Stork (1992) presented a method of reflection tomography that seeks to minimize RMO in CIP gathers in the post-migration domain. This method of tomography takes advantage of reflector coherence and continuity in the post-migrated domain, thereby improving the processor's ability to evaluate specific reflecting horizons, particularly in a complex subsurface setting. In a PSDM processing flow that utilizes Stork's method, the preprocessing steps include a typical NMO processing sequence with a prime objective of producing a starting velocity model. Prestack depth migration is then applied with the starting velocity model and RMO of the output is measured along horizons that are picked by the processor. Tomography updates the velocity model and PSDM is applied with the new velocity model. The process may be continued iteratively until the RMO is reduced to an acceptable level. For all data presented here, I have used Stork's (1992) method of reflection tomography that is implemented in the ProMAX data processing package.
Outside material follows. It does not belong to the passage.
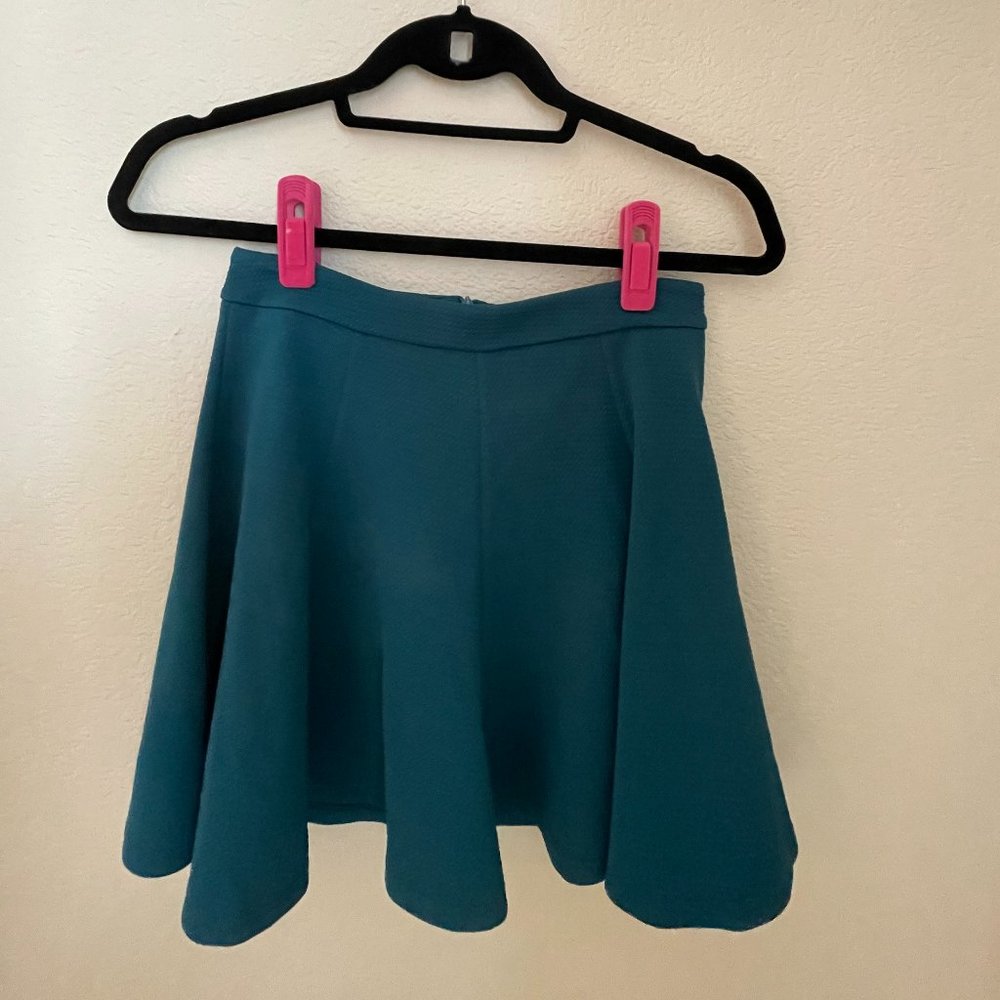 Lush Teal Skirt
One important advantage of reflection tomography over NMO velocity analysis is that the velocity model minimizes the observed RMO in all the CIP gathers in a global sense. Because of this, tomography is capable of measuring lateral changes in velocity with much better resolution than NMO analysis, which assumes that the velocity does not vary within the acquisition offset range. Reflection tomography has become the preferred method of velocity model building in seismic exploration (Guo and Fagin, 2002). Despite the advantages of this approach, the use of PSDM, and particularly reflection tomography, remains limited in shallow geophysical investigations. I have found Stork's method robust for processing both shallow seismic (Bradford et al., 2006) and GPR (Bradford, 2006a) data.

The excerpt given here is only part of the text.